Pumpkins for Weight Loss

It’s that time of year again, when it seems like everything comes in a pumpkin spice version. While pumpkin spice products generally don’t contain any actual pumpkin, it’s good to know how the pumpkin fruit itself can help support your health journey. By cooking with fresh or canned pumpkin, you can achieve your weight loss goals without having to sacrifice seasonal flavors.

Pumpkin: a Nutrient-Dense Food

Pumpkin flesh is “nutrient-dense.” This means that it contains a lot of vitamins and minerals for relatively few calories. One cup of cooked pumpkin puree is only about 50 calories, but is packed with beta carotene, vitamin C, potassium, copper, manganese, vitamin B2, vitamin E, and iron. In addition to being loaded with micronutrients, pumpkin is high in fiber and water — two things that help keep you feeling fuller for longer. As long as you use it wisely, you can indulge in pumpkin dishes without contributing a significant calorie load to your diet.

Pumpkin seeds, while higher in fat and calories, are also very high in protein and minerals. One cup of pumpkin seeds contains 285 calories, 12g of fat, 2.3g of saturated fat, 588mg of potassium, 12g of fiber, and 12g of protein, as well as 42% of the RDA of magnesium, 11% of iron, and 3% of calcium.

Pick the right pumpkin.

If you don’t have the time to cook your own pumpkin, don’t worry — canned is fine. Just be sure to choose canned pumpkin, and not canned pumpkin pie filling. There are a few key differences between the two. For one, canned pumpkin pie filling is pre-seasoned, so all you need to do is add a few binders and pour it in a crust to make a pie. This makes it much less versatile when it comes to adding it to recipes or substituting it for other ingredients. Pumpkin pie filling is also usually sweetened, which means it’s higher calorie and contains more simple carbohydrates. Save the extra sugar and make sure you’re purchasing plain canned pumpkin.
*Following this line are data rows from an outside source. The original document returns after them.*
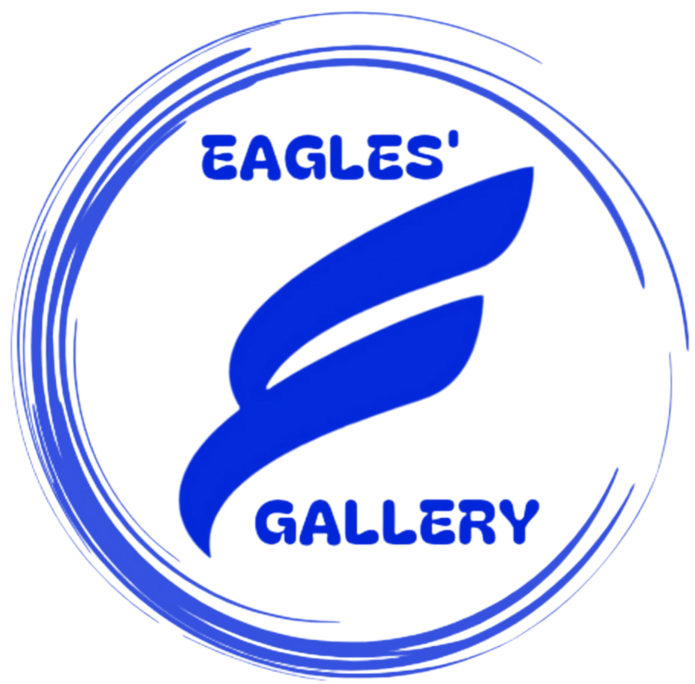 logo eraser logo eraser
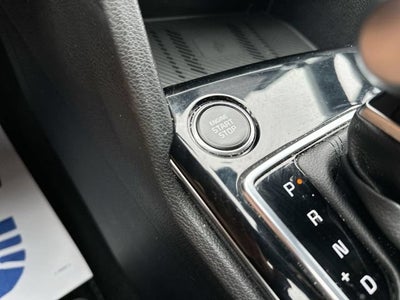 2024 Kia Sportage X-Pro Prestige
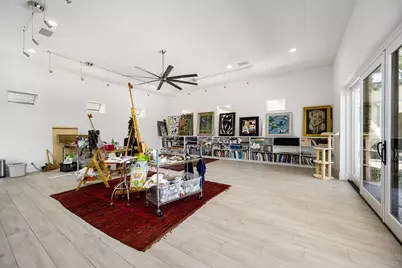 52560 Del Gato Drive, La Quinta, CA 92253 - Photo 47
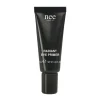 Nee Make Up - Milano - Radiant Eye Primer - Primer - Eyes - Professional Make Up - Avvenice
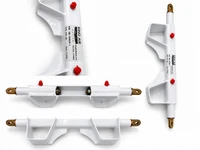 100-810018-1 Actuator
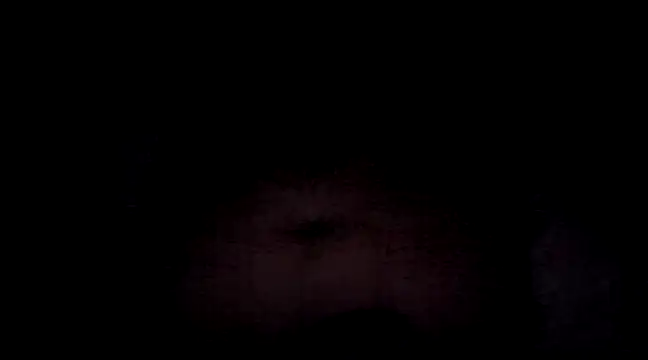 Snapshot of Varma3101 chatting on 02/03/25, 06:39 Varma3101 online show from 02/03/25, 06:39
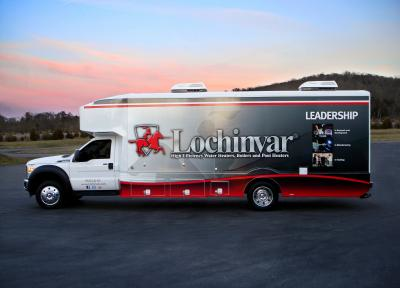 Contractingbusiness Com Sites Contractingbusiness com Files Uploads 2013 02 Lochinvar Product Showcase Truck 2 13 1 0 png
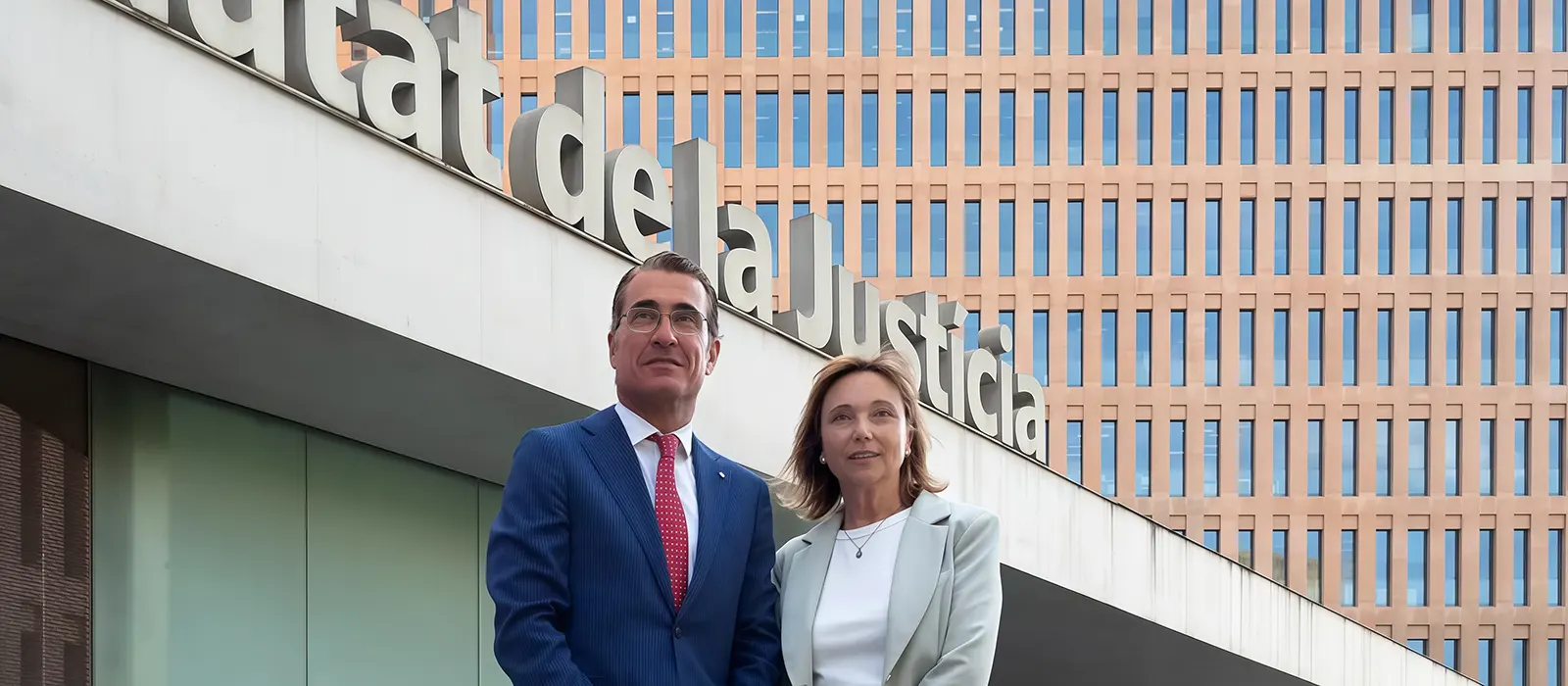 Segura Procuradores | Profesionalidad, Calidad e Inmediatez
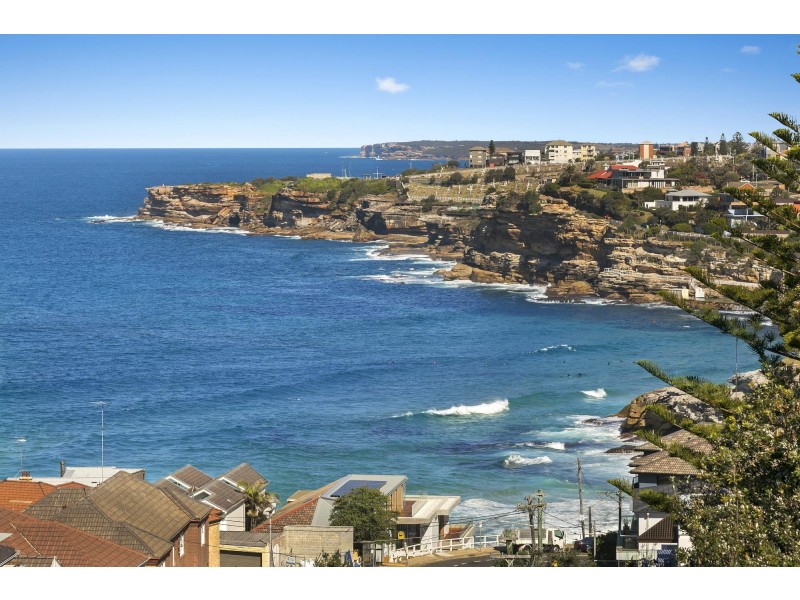 11/49-51 Fletcher Street, Tamarama NSW 2026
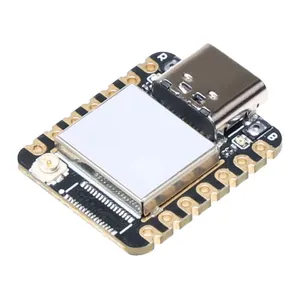 Seeed Studio XIAO ESP32-S3 scheda di sviluppo Mesh 5.0 compatibile WiFi modulo per Arduino - Product Image 3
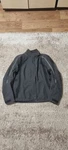 Women's Motorcycle Jacket Bmw Motorrad Pace Guard Tour 42 (76137922897). Fixed Price $450.00.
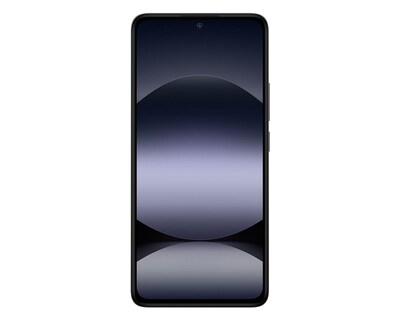 Foto 2 | Telcel Xiaomi Redmi Note 14 256 GB Negro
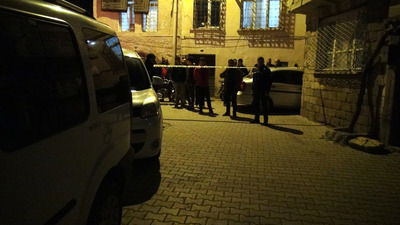 9 yaşındaki Gina'nın ölümünde ev sahibi gözaltında!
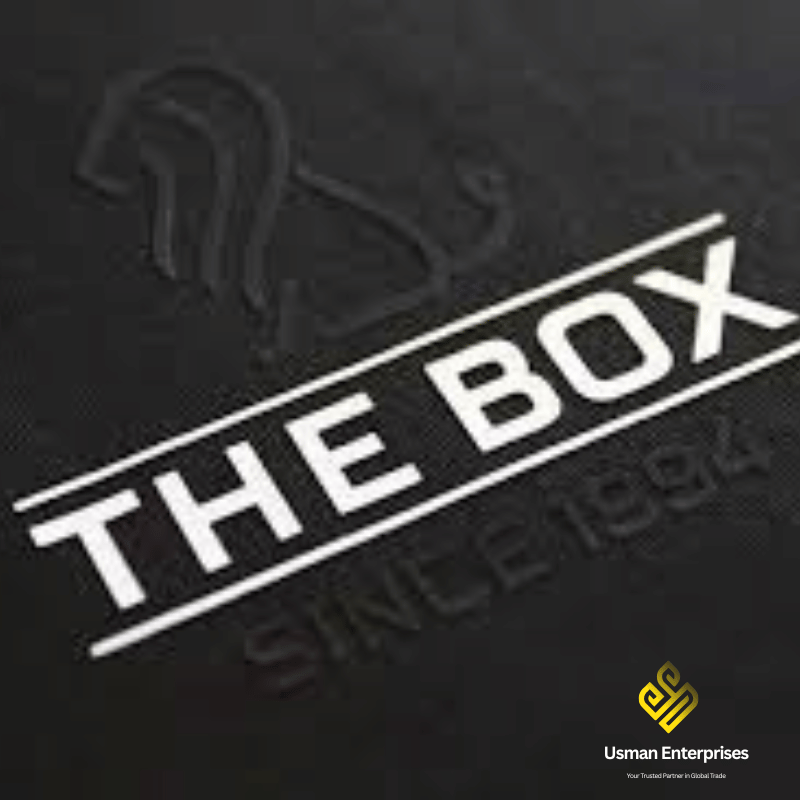 Heat Transfer Logos – Custom Branding for Apparel & Accessories - Image 5
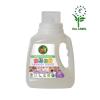 Detergent lichid rufe bebelusi - musetel si lavanda 1500ml / 50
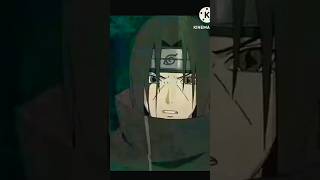 Itachi And Juzo Vs Three Tale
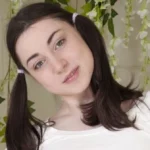 Anna Jul Wiki, Net Worth, Age & Career Info – Before Good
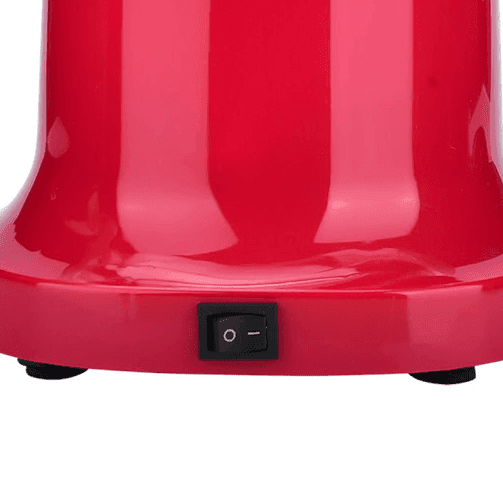 آلة صنع الفشار   Lexical - Popcorn Maker LPO-3502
The ingredients should not list anything other than pumpkin.

Try substituting pumpkin for other ingredients.

Are you making a cake or bread recipe that calls for butter or oil? Some low-fat cooks substitute applesauce, but pureed pumpkin works just as well. It adds moisture to baked goods, while adding less sugar than applesauce and increasing the fiber content. If you or your family have a hard time fitting enough servings of vegetables into your diet, pureed pumpkin is an easy way to sneak in some extra.

Use pumpkin seed butter.

Pumpkin seeds can be turned into butter just like other nuts and seeds. Instead of using regular butter on toast and other baked goods, try spreading on a little pumpkin seed butter. You’ll get more protein, minerals, and flavor, and less fat. For best results, choose either plain pumpkin seed butter, or varieties that are flavored with small amounts of salt, cinnamon, or other seasonings. Skip the ones with added sugar.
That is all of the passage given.